Governor Roy Cooper (D) vetoed SB 656 on Monday, explaining, "This legislation abolishes a scheduled election and takes away the right of the people to vote for the judges of their choice," and reflected the General Assembly’s effort to expand its power in selecting judges. Melissa Price Kromm, director of North Carolina Voters for Clean Elections, echoed the Governor’s concerns that “canceling the elections was part of a plan by lawmakers to push for a constitutional amendment next year to eliminate judicial elections altogether” and instead have legislators appoint judges, a rare system with documented problems.
General Assembly legislative leaders have said they plan to take up a possible veto override.
Supreme Court Rejects Request to Live Broadcast Arguments
Last week, following oral arguments before the Supreme Court in Gill v. Whitford, a possibly groundbreaking case on partisan gerrymandering, members of the public who were unable to gain entry to the courtroom criticized the court’s failure to broadcast proceedings live.
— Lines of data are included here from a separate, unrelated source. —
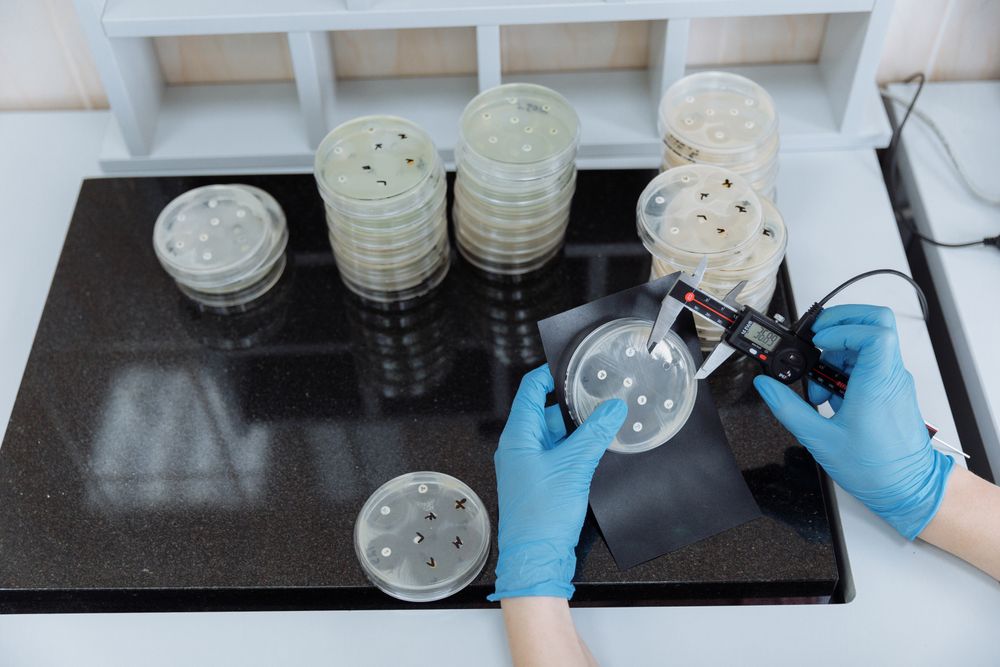 Stacked petri dishes on a laboratory bench while a researcher takes measurements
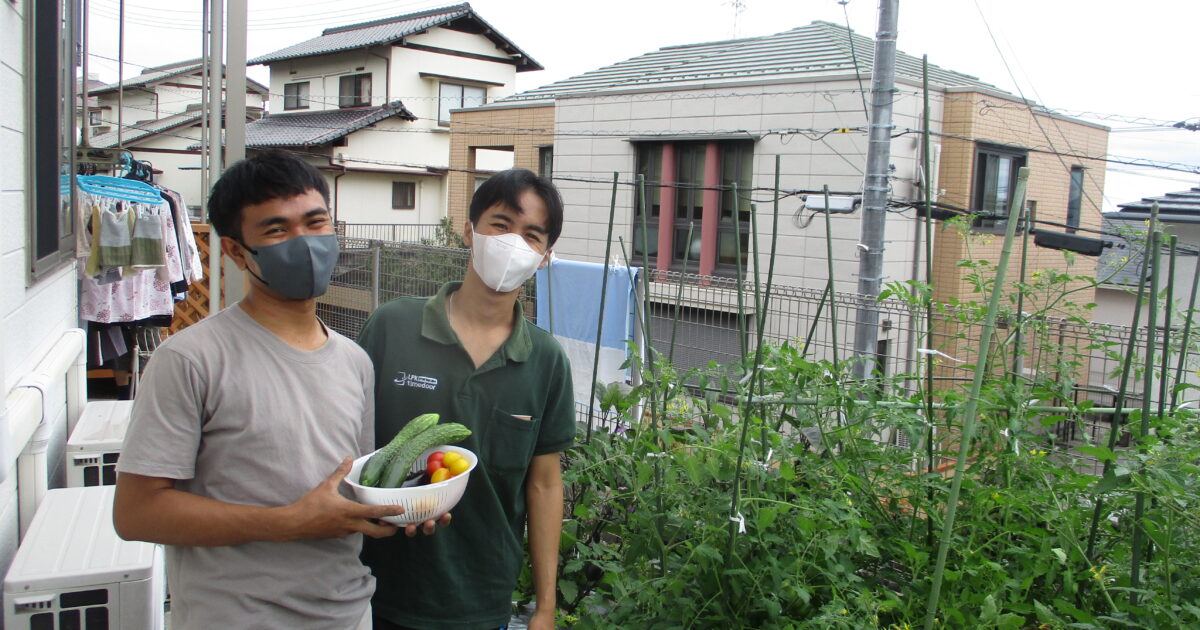 井口台　　夏野菜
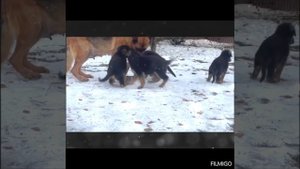 Немцы д. р 27 августа 2025г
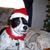 Betty Lavander's profile image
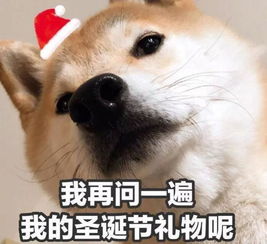圣诞礼物还没准备好推荐这份礼物,送完男友会变李东旭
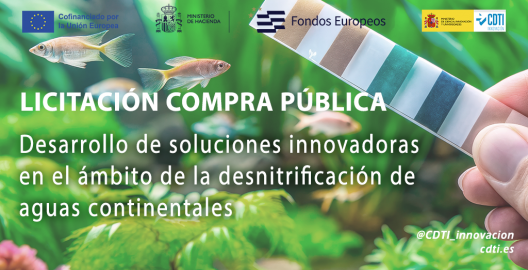 Licitación CPP Recupera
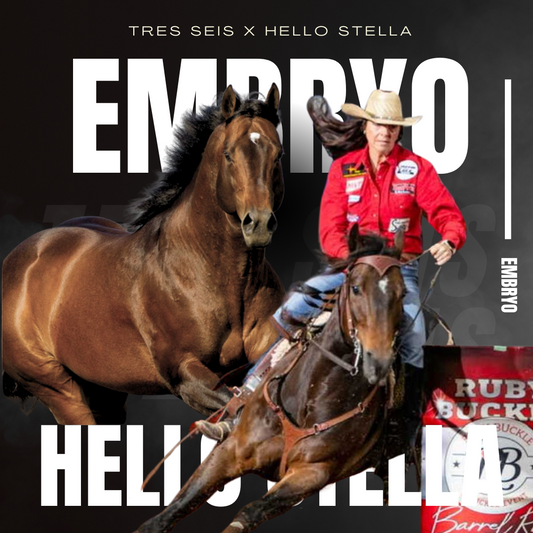 Tres Seis X Hello Stella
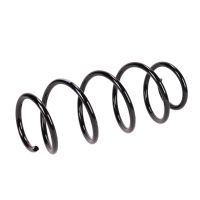 Coil spring in front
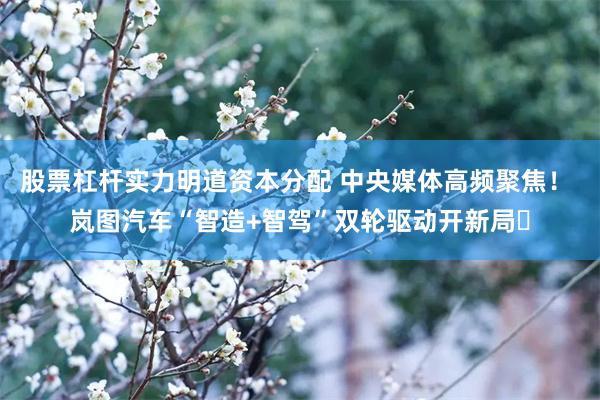 股票杠杆实力明道资本分配 中央媒体高频聚焦！ 岚图汽车“智造+智驾”双轮驱动开新局‌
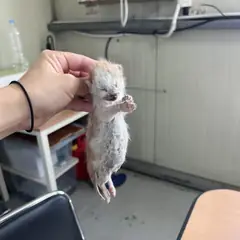 북구 레몬색&흰색 한국 고양이 성별 미상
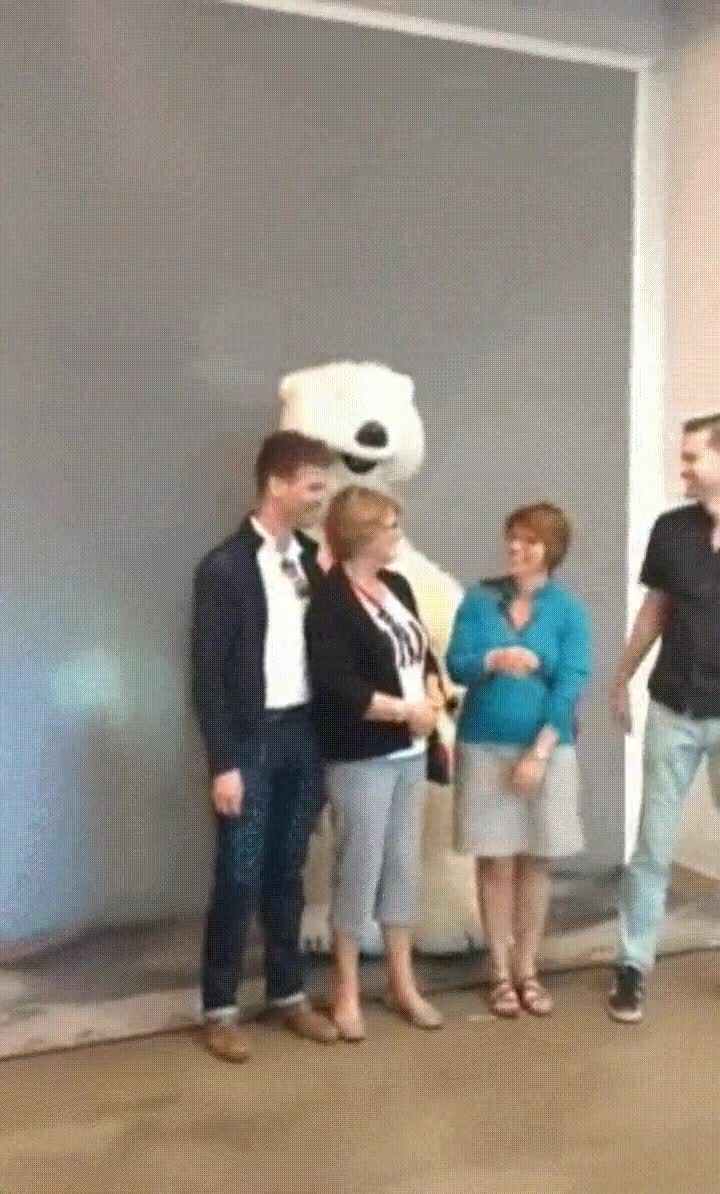 gustar,trabajo,mascota,pasarlo bien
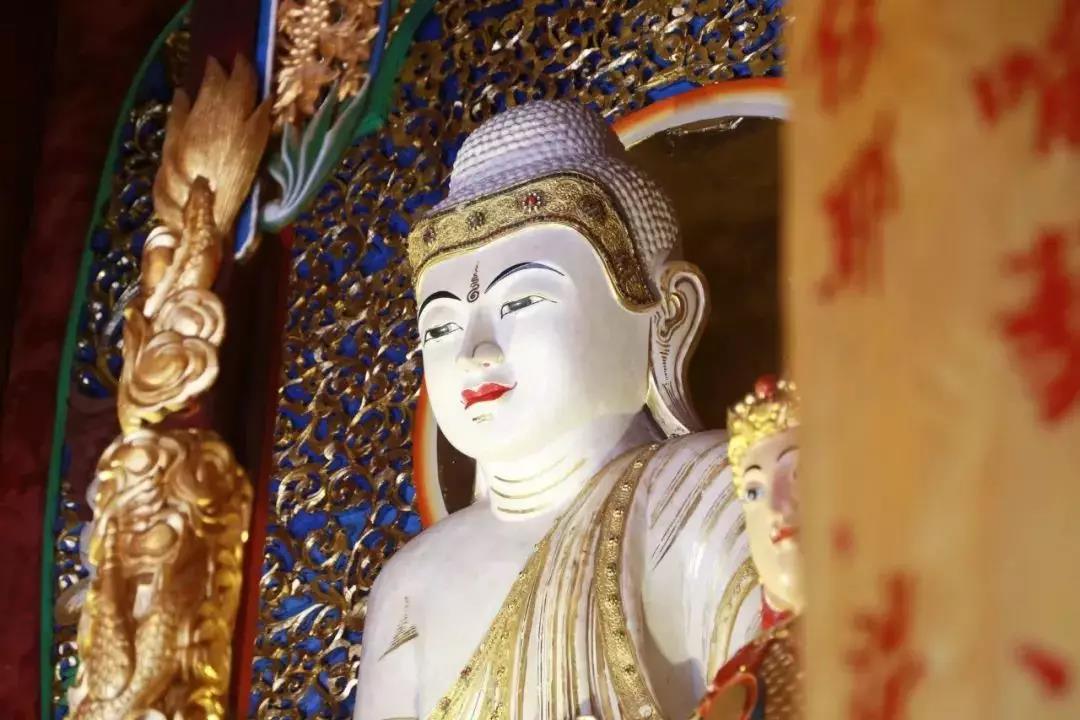 印光法师:解脱之门,唯有信愿念佛,求生西方一法 印光法师:解脱之门,唯有信愿念佛,求生西方一法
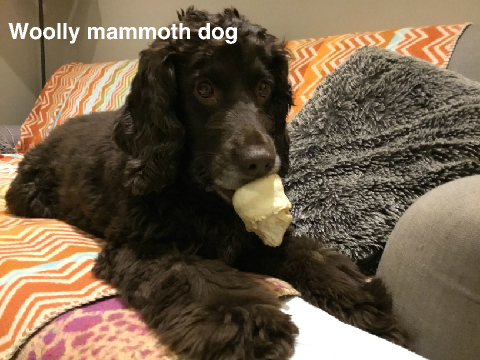 My dog Poppy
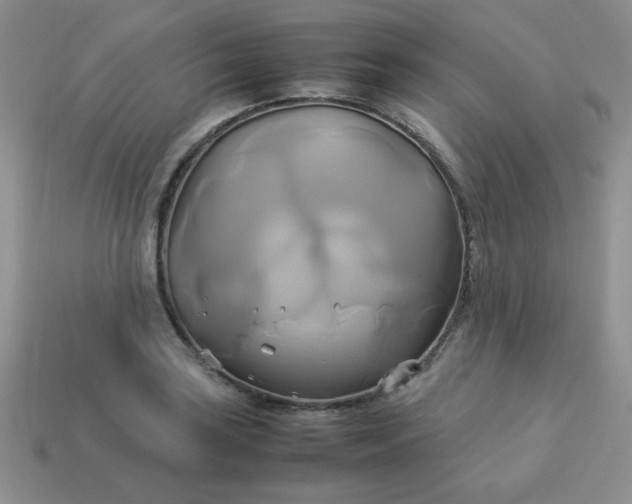 X0000114151035200910221542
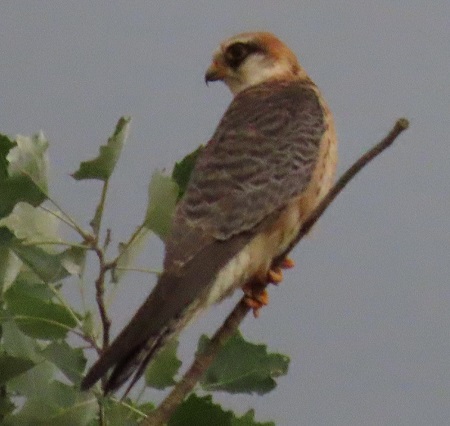 Red-footed Falcon  - Vanja Puškarić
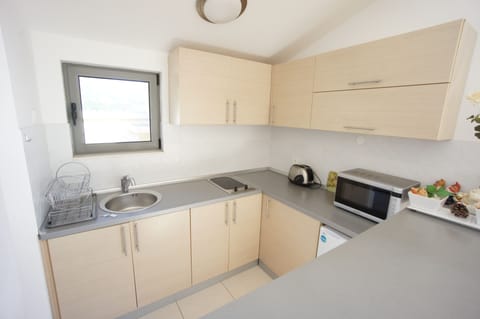 Apartment, 1 Bedroom | Private kitchenette | Stovetop, electric kettle, cookware/dishes/utensils, paper towels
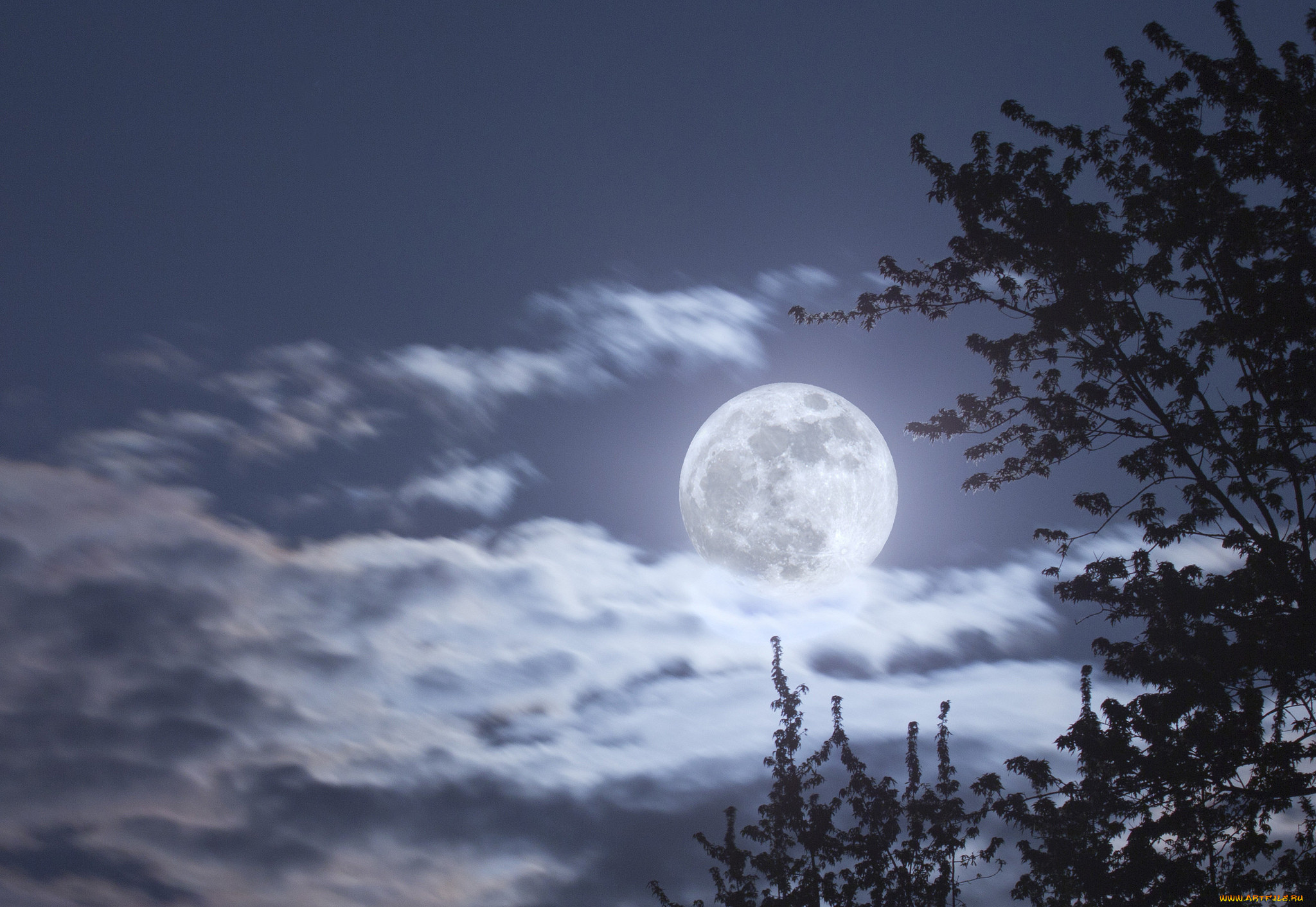 Полнолуние. Лунное небо. Луна в облаках. Большая Луна.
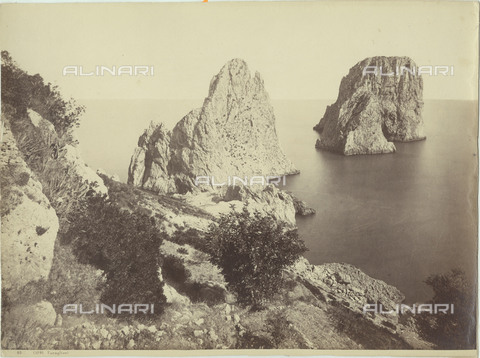 FVQ-F-033573-0000 - I faraglioni di Capri - Data dello scatto: 1870-1880 - Archivi Alinari, Firenze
Ariane de Vogue of CNN reports that due to the profound impact of the case, court watchers also complained that transcripts of the proceedings were added to the Supreme Court’s website later than normal. Although bipartisan Members of Congress wrote to the Court requesting live audio for the hearing, arguing that it would “ensure transparency and accountability in the judicial branch,” their request was not granted. Justice Robert’s attorney responded to the letter, saying that live broadcasts “could adversely affect the character and quality of the dialogue between attorneys and justices.”
De Vogue notes that both the Members of Congress and the public ultimately want live video, not merely audio, of the Supreme Court’s proceedings. In fact the Members requesting live audio introduced the Cameras in the Courtroom Act last January. But Justices of the Supreme Court have indicated the Court will not move to incorporate live video broadcasts. According to De Vogue, Justice Sotomayor told an audience last year that she “feared that televising proceedings at court might lead to some justices playing to the cameras or others to refrain from asking questions.”
Judge Sues Arkansas Supreme Court for Removing Him from Death Penalty Cases
Arkansas Circuit Judge Wendell Griffen filed a federal suit last week against the Arkansas Supreme Court, after the court barred Griffen from being assigned to any death penalty cases. In April, according to Tal Kopan of CNN, Griffen – also a Baptist pastor— “participated in a Good Friday rally against the death penalty, during which he was photographed lying on a cot as part of the demonstration,” and “wrote a blog post that week stating his belief that the death penalty was not morally defensible.” The following day, Griffen stayed nine executions “in a case brought by a drug manufacturer… [arguing] its drug was never intended to be used in capital punishment.” The Arkansas Attorney General appealed the decision, but the Supreme Court instead reassigned all of Griffen’s death penalty cases and referred Griffen to the state’s Judicial Discipline and Disability Commission to consider whether he violated Arkansas’ Code of Judicial Conduct.
Griffen alleges the decision to remove him from all death penalty cases discriminates against his faith and race, violating the First Amendment as well as the Due Process and Equal Protection Clauses of the Fourteenth Amendment. The case is pending in the Eastern District of Arkansas.